As mentioned above, the LexA/RecA-mediated SOS response appears to be inactive in Deinococcus, and the DdrO/PprI system was recently identified as an alternative protease-based DNA damage response pathway. Comparisons of the structures of DG-DdrO and LexA yields interesting similarities and differences (Figure 3). Both DG-DdrO and LexA consist of an HTH motif and a C-terminal domain, which is required for protein dimerization. Despite the disordered short linker region, LexA contains a wing region, and the N-terminal domain is highly flexible (39). And the reorientation of the N-terminal DNA binding domains with respect to the C-terminal domain is required for stable operator binding of LexA. However, this wing region is absent in DG-DdrO, and the linker loop is restrained at the dimerization interface. Thus, in contrast to LexA, the protein-DNA interface of DG-DdrO appears to be pre-formed, which is in line with the selective and efficient promoter DNA binding of DG-DdrO (Figure 3). The cleavage site of DG-DdrO is lying in a loop at the C-terminal domain. Similar to LexA autocleavage, cleavage of this loop by PprI protein causes destabilization of the dimerization interface of DG-DdrO, further dissociating the protein dimer. While the CSR in LexA has a strand-loop-strand topology, the CSR of Deinococcus include a solvent-exposed helix-loop-helix motif, which lies outside the C-terminal hydrophobic core (Figure 2A).

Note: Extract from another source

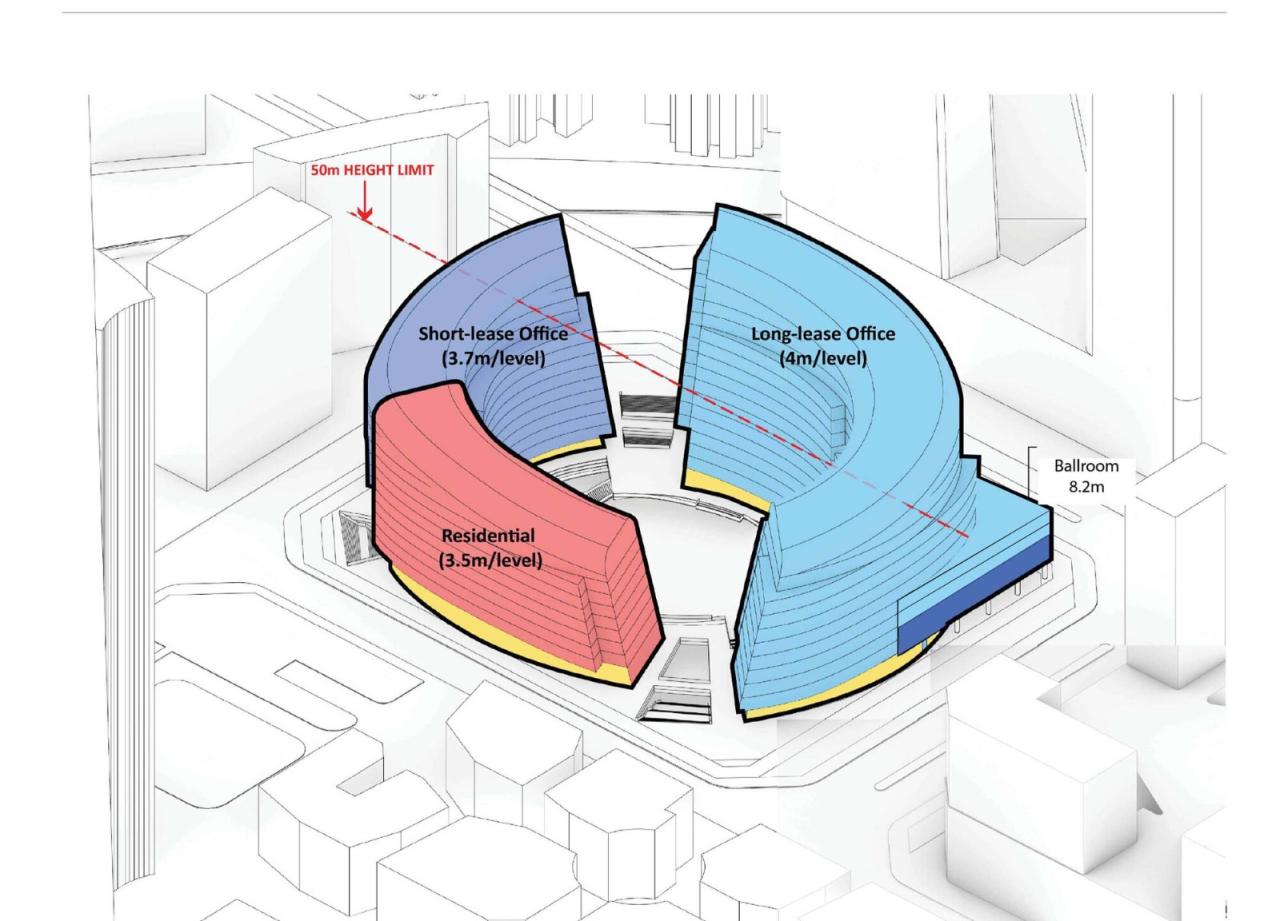 BIM建筑|成都高新创合中心 / LLA BIM建筑|成都高新创合中心 / LLA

Collectively, we reported the crystal structure of DG-DdrO, which is the key component involved in DNA damage response in Deinococcus species. The biochemical and structural studies revealed that DG-DdrO is a distinct XRE family protein dimer with conserved HTH motif and the RE pair. The novel C-terminal domain forms a compact hydrophobic core, which plays a critical role in DG-DdrO dimerization. Additionally, cleavage of DG-DdrO destabilizes the dimerization interface, which discloses the mechanism for the derepression of DdrO proteins.

DATA AVAILABILITY

The coordinates and structure factors have been deposited to Protein Data Bank with accession codes 6JQ1.

Supplementary Material

gkz720_Supplemental_File

Click here for additional data file.^{(3.4MB, pdf)}

ACKNOWLEDGEMENTS

We would like to thank the staff at the Shanghai Synchrotron Radiation Facility (SSRF in China) for assistance in data collection.

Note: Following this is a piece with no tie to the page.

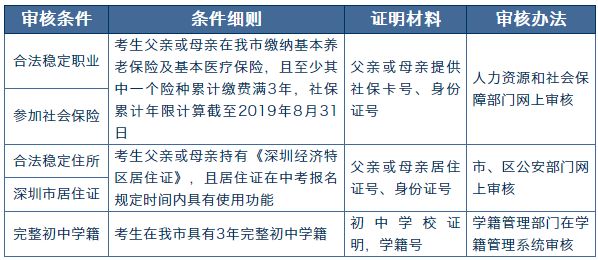 广东省异地高考社保政策解析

Author contributions: Y.H. and Y.Z. conceived the project. H.L. designed the experiments and carried out the construction, purification, crystallization, acquisition of data and biochemical experiments. L.W. and S.L. carried out mutagenesis, purification and acquisition of data, C.P., K.C. and Y.L. carried out mutagenesis and purification. H.X. and B.T. performed EMSA assays and acquisition of data. Y.Z. determined and analyzed the structure. Y.H., Y.Z. and H.L. wrote the manuscript. All authors took part in data analysis.

SUPPLEMENTARY DATA

Supplementary Data are available at NAR Online.

FUNDING

National Basic Research Program of China [2015CB910600]; National Key Research and Development Program of China [2017YFA0503900]; National Natural Science Foundation of China [31670065, 31870051, 31500656, 31670819]; Zhejiang Provincial Natural Science Foundation for Outstanding Young Scientists [LR16C050002]. Funding for open access charge: National Natural Science Foundation of China.

Conflict of interest statement. None declared.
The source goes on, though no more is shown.